The right-wing opposition has shown itself neither slow nor lazy in these turbulent times. At the same as they denounce the repression, they cover up that in those states and cities where they currently govern they also resort to the same repressive laws and state forces, and also use quasi-paramilitary thugs against the people as occurred recently in the state of Carabobo. And if any doubt remained about the repressive dynamic of the right-wing opposition, it is worth remembering the most emblematic example, which included murders: the first 48 hours of the coup of April 2002, where this same rightwing did not hesitate in launching a witch-hunt showing in only a few hours the true colors of the capitalist dictatorship. It has reached such an extent of shamelessness that Antonio Ledezma, the mayor of the metropolis (of Caracas), famous for the repression he would carry out when he occupied positions in government during the “puntofijo” regime (bipartisan agreement which governed Venezuela from 1958 to 1999), is today a standard-bearer for democracy, after the repression of the march by the rightwing which they organized against the new Education Law in order to defend private education.

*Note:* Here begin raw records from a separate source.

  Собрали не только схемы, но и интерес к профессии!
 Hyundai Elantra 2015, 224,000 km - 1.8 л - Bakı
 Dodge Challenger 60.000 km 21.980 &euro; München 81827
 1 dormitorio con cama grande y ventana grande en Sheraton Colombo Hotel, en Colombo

But we are categorical, that regardless of whether we are talking about protests organized by the right-wing opposition, that revolutionary socialists do not legitimize the strengthening of authority and the repressive capacities of the state to criminalize protest on behalf of the bourgeois state, because that same weight always falls, and what is more it falls strongest, on the struggles of the working class and poor. We do not accept any attack on democratic rights or repressive attacks, unlike the chavista currents who turn over to common sense, or can even look on approvingly, when the right is repressed. But visions like this do not only overlook the vital importance which democratic rights have for the workers’ and people’s struggle, but they also allow the right to cynically claim the flag of democracy as “their own”. On the contrary, it is necessary to repudiate repression on the part of the state against the most combative sectors of the workers and peasants, showing concretely who are the hardest-hit by any strengthening of the law and reduction of democratic liberties like the criminalization of protest.
It is urgent and vital for trade union, workers, peasants, popular, student, human rights and left-wing organizations to set in motion a struggle to stop the new set of laws which criminalize protest and use ever more the repressive forces of the state, which always crack down hardest on the popular masses. There is a chance for the broadest front possible of all the organizations not involved with the pro-imperialist right, which from our point of view should be led by the workers in struggle and their organizations, calling for the mobilization of the whole working class, the only class that can take this struggle to its conclusion and not fall under the spell of either the national government or the right-wing opposition which today poses as democratic. The struggle against repression and impunity is in our hand and the strength which we can have if we are united. No more repression of workers in struggle. Freedom and clearing of the names of all social fighters. Trial and punishment for those directly and intellectually responsible for the murders of workers and poor peasants. We need to develop a wide campaign of democratic, working class, peasant and popular mobilization, and take it to the end.